Calomnies contre Louis XIV.

Il est des faits plus graves, des calomnies plus atroces qui attaquent les rois et les nations, et qui exigent des réfutations plus complètes et plus réitérées. C’était un devoir essentiel à l’auteur du Siècle de Louis XIV, historiographe de France, de repousser les injures affreuses vomies contre la mémoire de Louis XIV et contre Louis XV, par un Français alors réfugié[1], et apprenti pasteur à Genève, et indigne également de ses deux patries.

Nous dîmes, nous persistons à dire, et nous redirons dans toutes les occasions, que ces odieux libelles, tout méprisables qu’ils sont, ne laissent pas de pénétrer dans l’Europe[2], du moins pour quelque temps, par cela même qu’ils sont calomnieux ; leur scélératesse leur tient lieu quelquefois de mérite auprès des esprits ignorants et pervers. Si on multiplie les impostures, il faut bien multiplier aussi les réponses.

Nous remettons donc ici sous les yeux du lecteur une partie de ce que nous écrivîmes alors[3], moins en faveur de Louis XIV qu’en faveur de la vérité.

Extrait d’un Mémoire sur les calomnies contrée Louis XIV, et contre Sa Majesté régnante, et contre toute la famille royale, et contre les principaux personnages de la France.

Les gens de lettres savent assez qu’un nommé Langleviel La Beaumelle vendit à Francfort, en 1753, au libraire Esslinger, une édition du Siècle de Louis XIV, falsifiée et chargée de ses notes[4] ; qu’il travestit en libelle diffamatoire un ouvrage entrepris pour l’honneur et l’encouragement de la nation française.

C’est dans ces notes que l’on trouve «[5] qu’un roi qui veut le bien est un être de raison, et que Louis XIV ne réalisa jamais cette chimère ;[6] que les libéralités de Louis XIV sont tout ce qu’il y a de plus beau dans sa vie ;[7] que la politesse de la cour de Louis XIV est un être de raison. — Que Louis XIV avait peu de religion ;[8] que le roi n’employait le maréchal de Villars que par faiblesse ;[9] qu’il faut que les écrivains sévissent contre Chamillart et les autres ministres ».

On n’ose répéter ici ce qu’il dit contre la famille royale et contre le duc d’Orléans, pages 346 et suivantes. Ce sont des calomnies si abominables et si absurdes qu’on souillerait le papier en les copiant. On croira sans peine qu’un homme assez dépourvu de sens et de pudeur pour vomir tant de calomnies n’a pas assez de science pour ne pas tomber à chaque page dans les erreurs les plus grossières ; mais c’est une chose curieuse que le ton de maître dont il les débite.
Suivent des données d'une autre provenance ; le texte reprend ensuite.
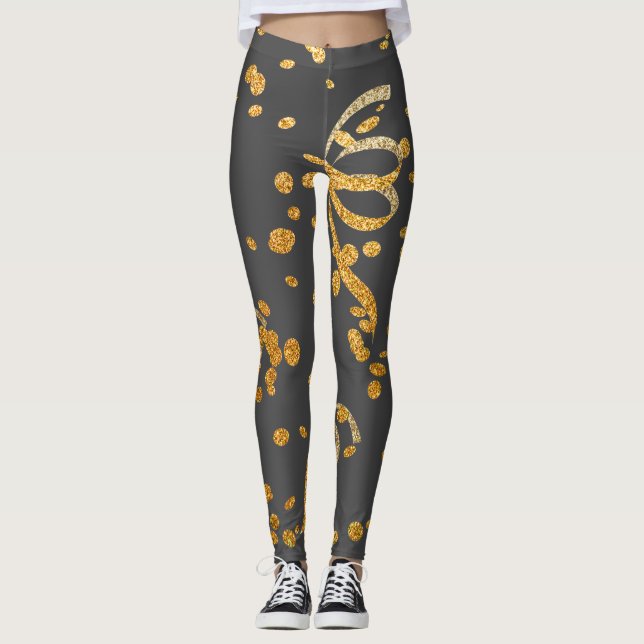Legging Confetti de Glitter Dourado da Cinza do Partido Vé (Frente)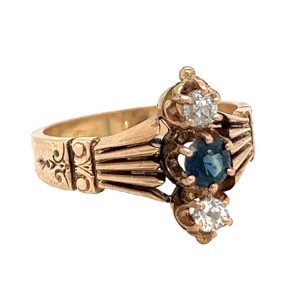 Estate Victorian 14kt Yellow Gold Sapphire And Diamond Three Stone Ring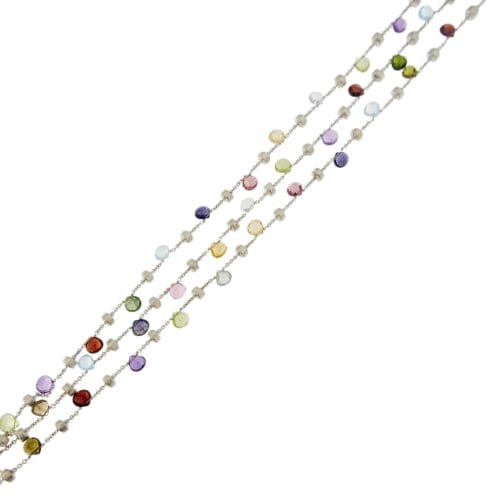 Collier Marco Bicego Paradise - Collier 3 rangs en or blanc 18 ct à pierres colorées 58 Facettes 38436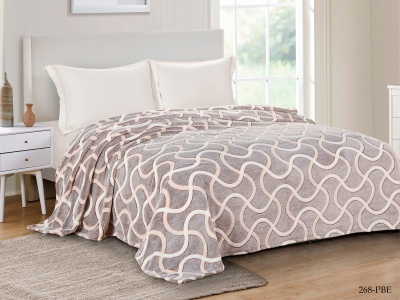 Плед Cleo "BAMBOO"  полуторный 150*200 микрофибра 100% в атласной ленте (CL150/268-pbe/LA, Узоры, Коричневый)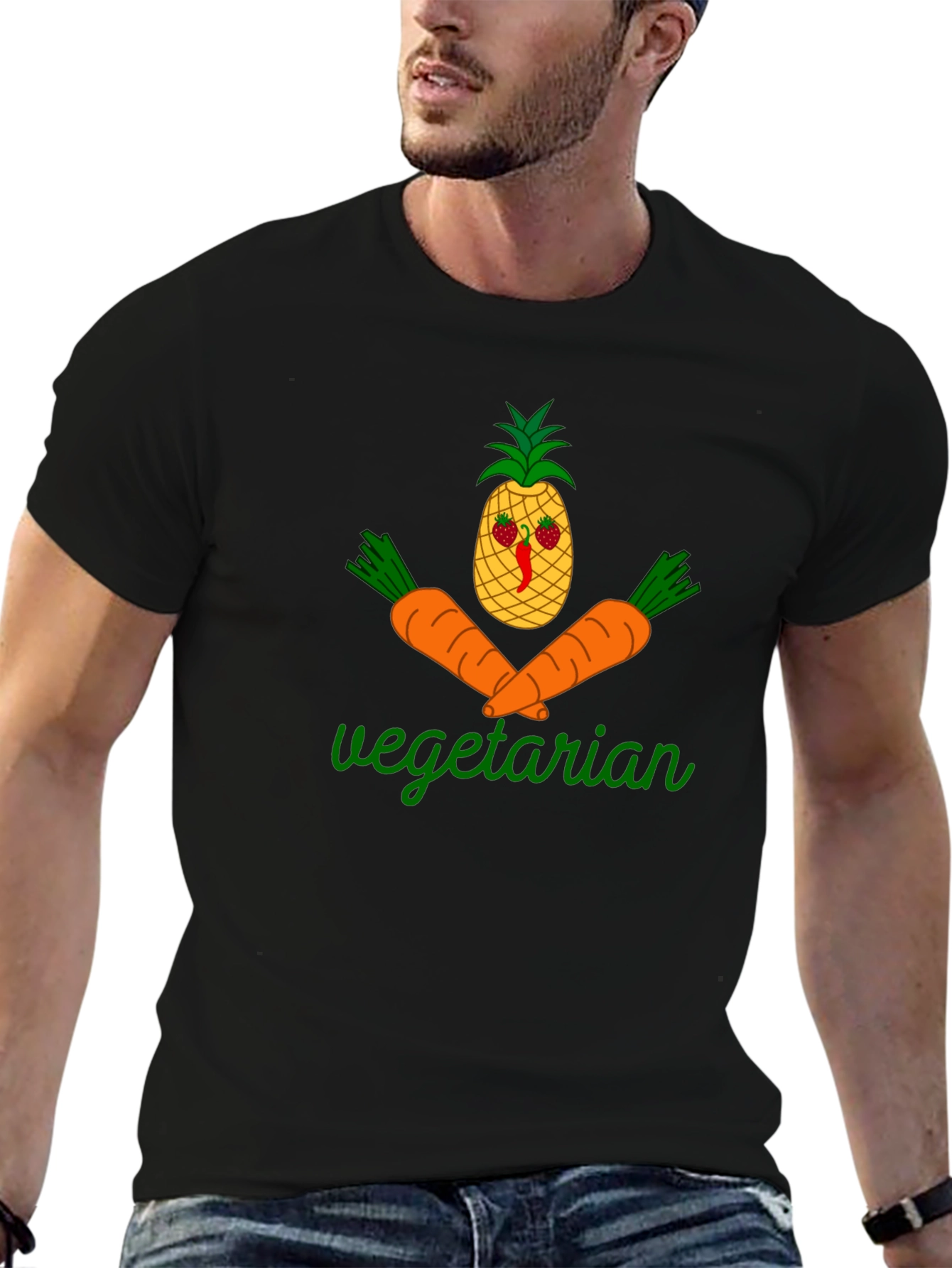 Black Vegetarian Graphic T-Shirt - Pineapple & Carrot Design view 6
Il ne s’en est pas tenu là ; il a répété les mêmes outrages et les mêmes absurdités dans les prétendus Mémoires qu’il a donnés de Mme  de Maintenon.

Ce sont surtout les mêmes outrages à Louis XIV, à tous les princes et à toutes les dames de sa cour.

«[10] Qui a loué Louis XIV ? dit-il ; les sages, les politiques, les bons chrétiens, les bons Français ? Non ; un tas de moines sans esprit et sans âme, des évêques, des ministres, qui ne connaissaient en France d’autre loi que le bon plaisir du maître. »

Il feint d’avoir écrit ces Mémoires pour honorer Mme  de Maintenon, et ce n’est qu’un libelle contre elle et contre la maison de Noailles ; il ramasse tous les vers infâmes qu’on a faits sur elle.

Il imprime de vieux noëls remplis des plus grossières ordures contre le roi, la dauphine et toutes les princesses.

Il attribue à Mme  de Maintenon une parodie impie du Décalogue, dans laquelle on trouve ces vers :

Ton mari cocu tu feras[11],
Et ton bon ami mêmement.
À table en soudard tu boiras
De tout vin généralement.

On n’imputerait pas de pareils vers à la veuve du cocher de Vertamont, et c’est ce qu’on ose mettre sur le compte de la femme la plus polie et la plus décente[12].

On passe sous silence tous les contes faits pour des femmes de chambre, dont ses rapsodies sont pleines. À la bonne heure qu’un homme sans éducation écrive des sottises ; mais de quel front ose-t-il prétendre que le roi écrivit à M. d’Avaux, au sujet de l’évasion des protestants[13] : Mon royaume se purge ; et que M. d’Avaux lui répondit : Il deviendra étique, etc. ? Nous avons les lettres de M. d’Avaux au roi, et ses réponses ; il n’y a certainement pas un mot de ce que cet homme avance.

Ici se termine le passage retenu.